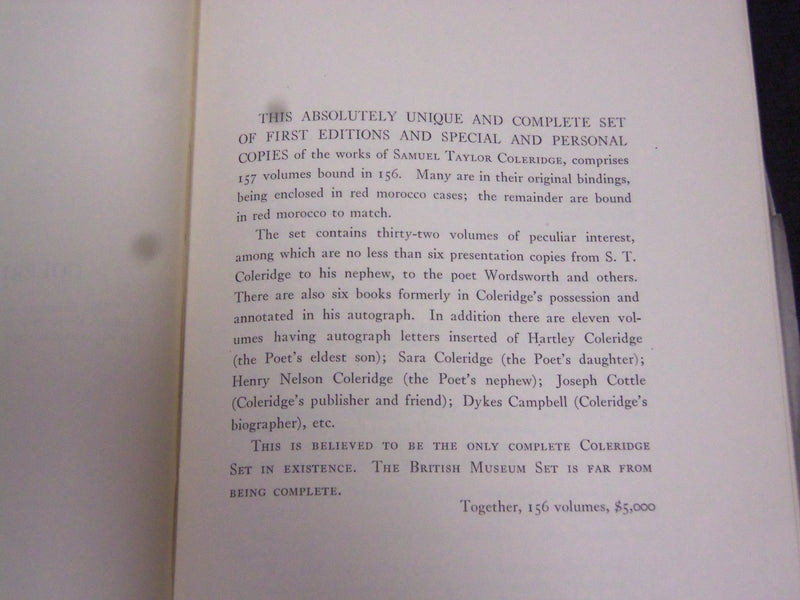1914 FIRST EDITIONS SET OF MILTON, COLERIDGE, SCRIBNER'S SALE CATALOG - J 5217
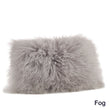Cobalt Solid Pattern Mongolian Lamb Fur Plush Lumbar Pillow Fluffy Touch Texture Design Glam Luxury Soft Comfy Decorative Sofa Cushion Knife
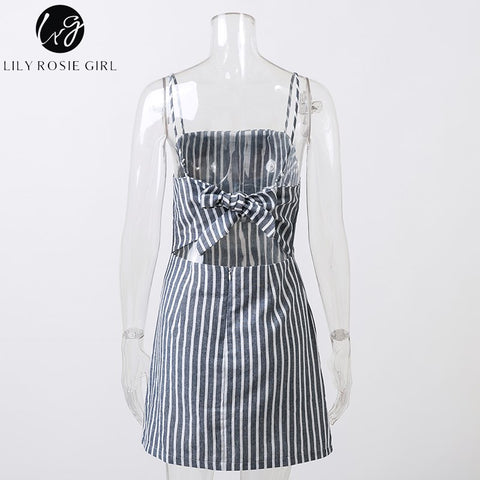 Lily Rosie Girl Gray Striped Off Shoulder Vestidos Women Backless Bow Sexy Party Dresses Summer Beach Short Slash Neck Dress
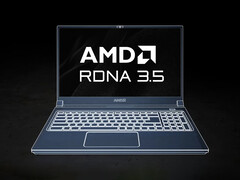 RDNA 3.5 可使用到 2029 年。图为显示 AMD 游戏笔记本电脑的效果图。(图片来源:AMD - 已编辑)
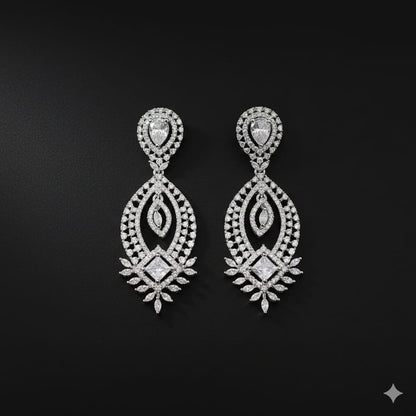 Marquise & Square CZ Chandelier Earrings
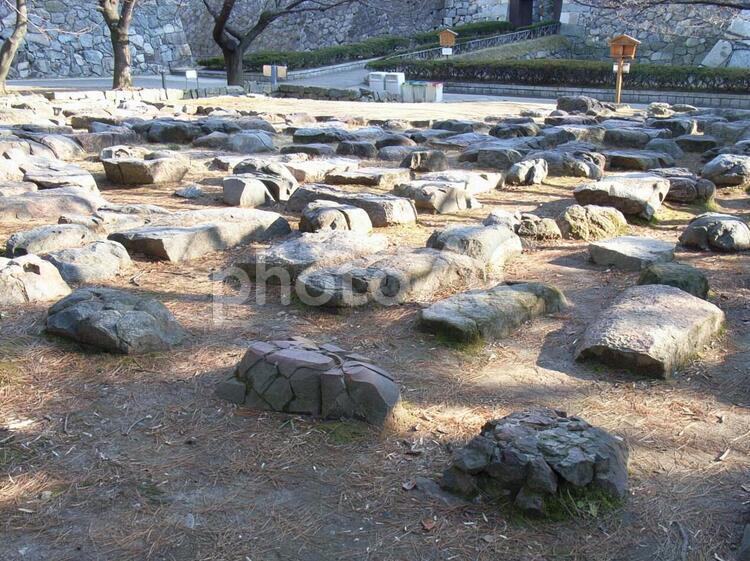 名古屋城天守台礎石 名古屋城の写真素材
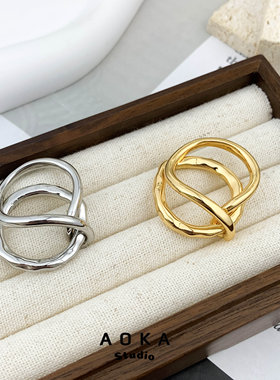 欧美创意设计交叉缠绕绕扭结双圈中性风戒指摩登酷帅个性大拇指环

===============

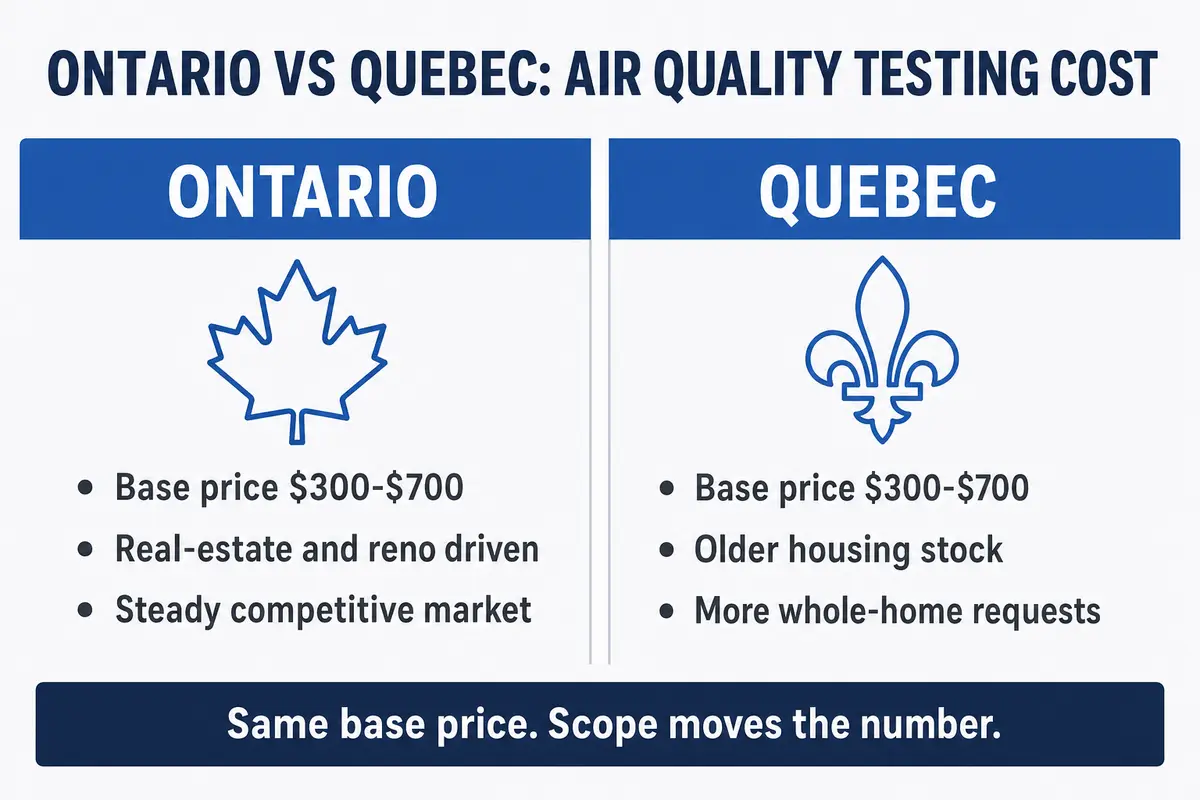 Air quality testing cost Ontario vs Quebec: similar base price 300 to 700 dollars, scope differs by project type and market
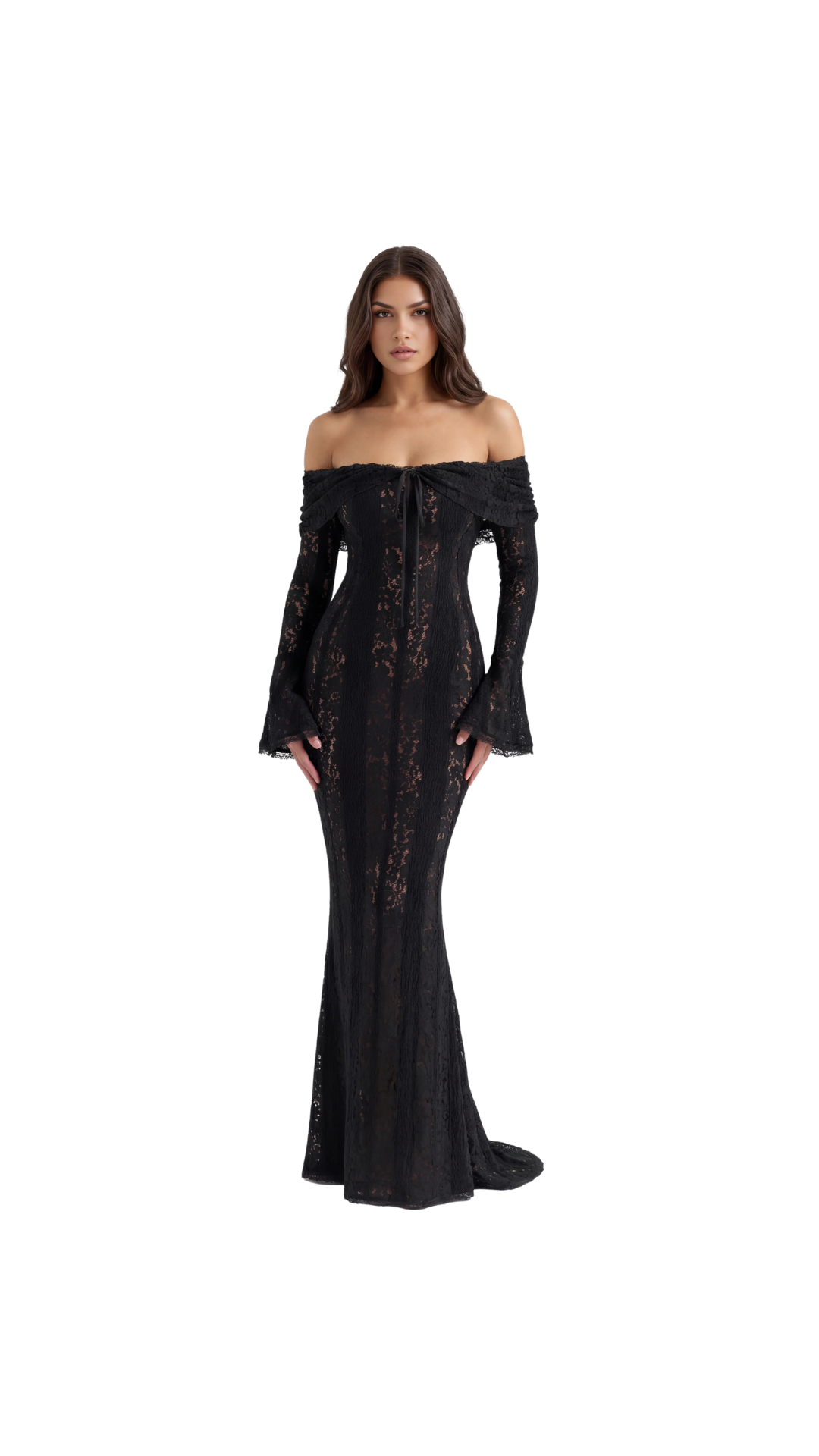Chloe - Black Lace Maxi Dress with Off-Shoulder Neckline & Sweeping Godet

===============

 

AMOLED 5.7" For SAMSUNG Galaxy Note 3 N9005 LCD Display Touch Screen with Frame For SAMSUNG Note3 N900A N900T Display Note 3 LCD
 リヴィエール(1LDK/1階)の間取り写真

===============

= DIRECTIONS =
The required output is every line above from the one with "Display Note 3 LCD" down to the one with "リヴィエール(1LDK/1階)の間取り写真", restated word for word, ends included.

= EXERCISE SOLUTION =
AMOLED 5.7" For SAMSUNG Galaxy Note 3 N9005 LCD Display Touch Screen with Frame For SAMSUNG Note3 N900A N900T Display Note 3 LCD
 リヴィエール(1LDK/1階)の間取り写真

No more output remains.